EXERCISE BRIEF:
Reproduce the listing in full, exactly as written, but without images.

DATA SECTION:
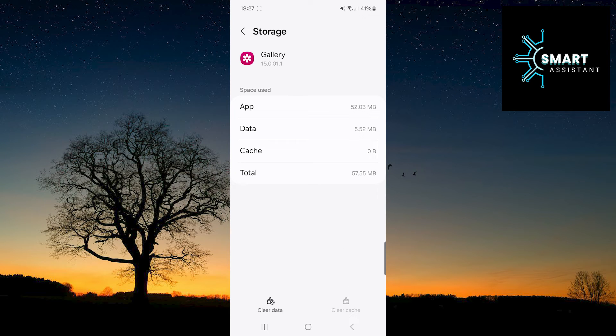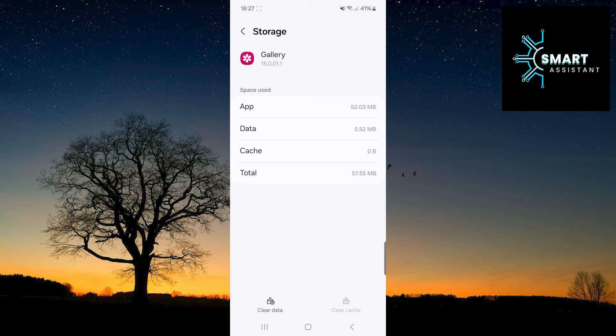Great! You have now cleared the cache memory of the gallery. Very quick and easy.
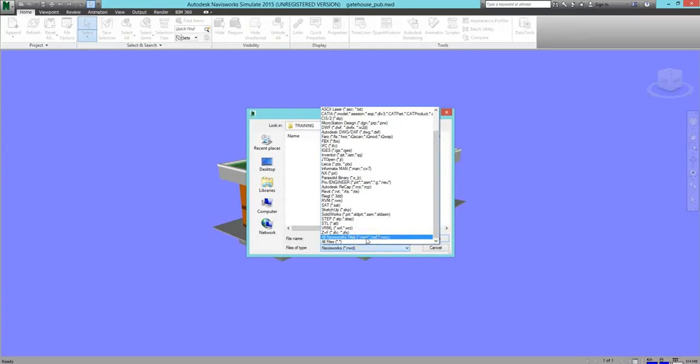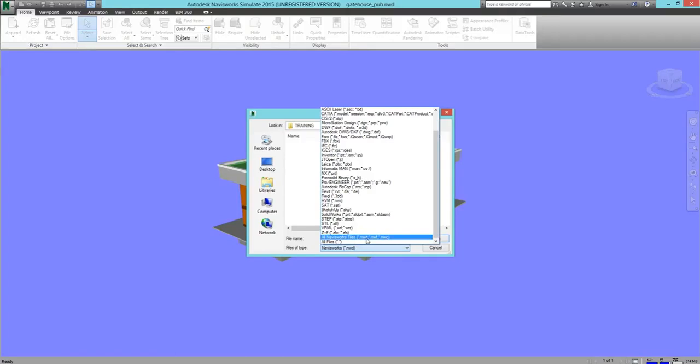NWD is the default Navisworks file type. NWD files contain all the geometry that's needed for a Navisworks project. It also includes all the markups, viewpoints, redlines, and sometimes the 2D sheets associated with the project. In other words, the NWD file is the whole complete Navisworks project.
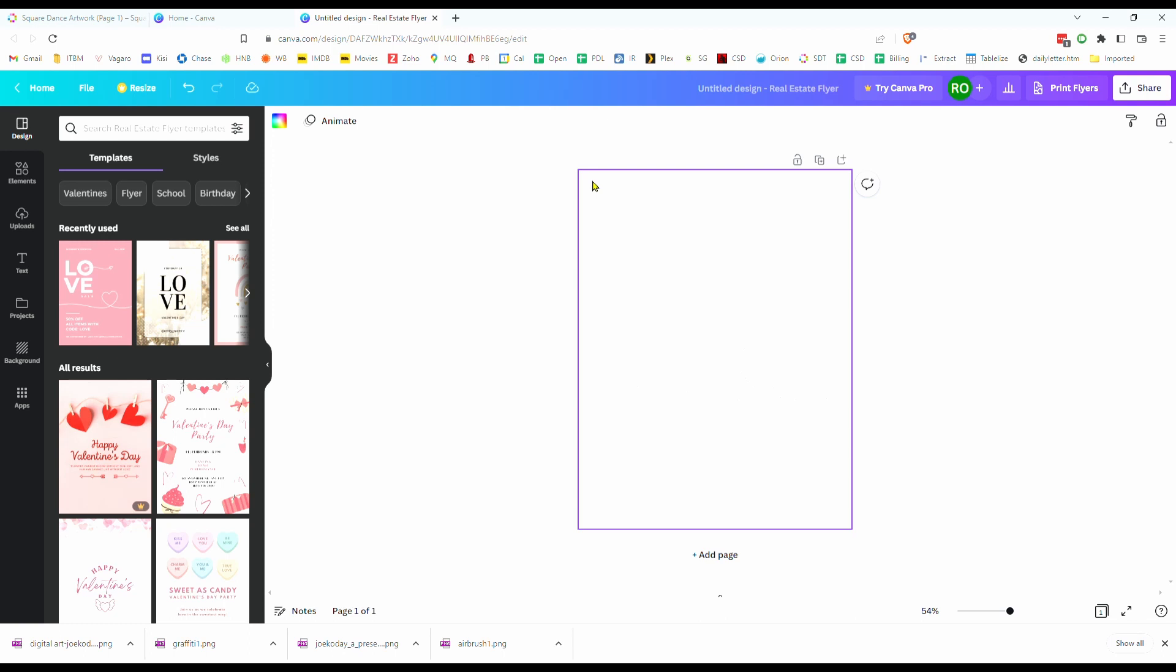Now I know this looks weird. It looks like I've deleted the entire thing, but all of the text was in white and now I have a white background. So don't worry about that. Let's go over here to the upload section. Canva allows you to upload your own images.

RESPONSE AREA:
Great! You have now cleared the cache memory of the gallery. Very quick and easy.
NWD is the default Navisworks file type. NWD files contain all the geometry that's needed for a Navisworks project. It also includes all the markups, viewpoints, redlines, and sometimes the 2D sheets associated with the project. In other words, the NWD file is the whole complete Navisworks project.
Now I know this looks weird. It looks like I've deleted the entire thing, but all of the text was in white and now I have a white background. So don't worry about that. Let's go over here to the upload section. Canva allows you to upload your own images.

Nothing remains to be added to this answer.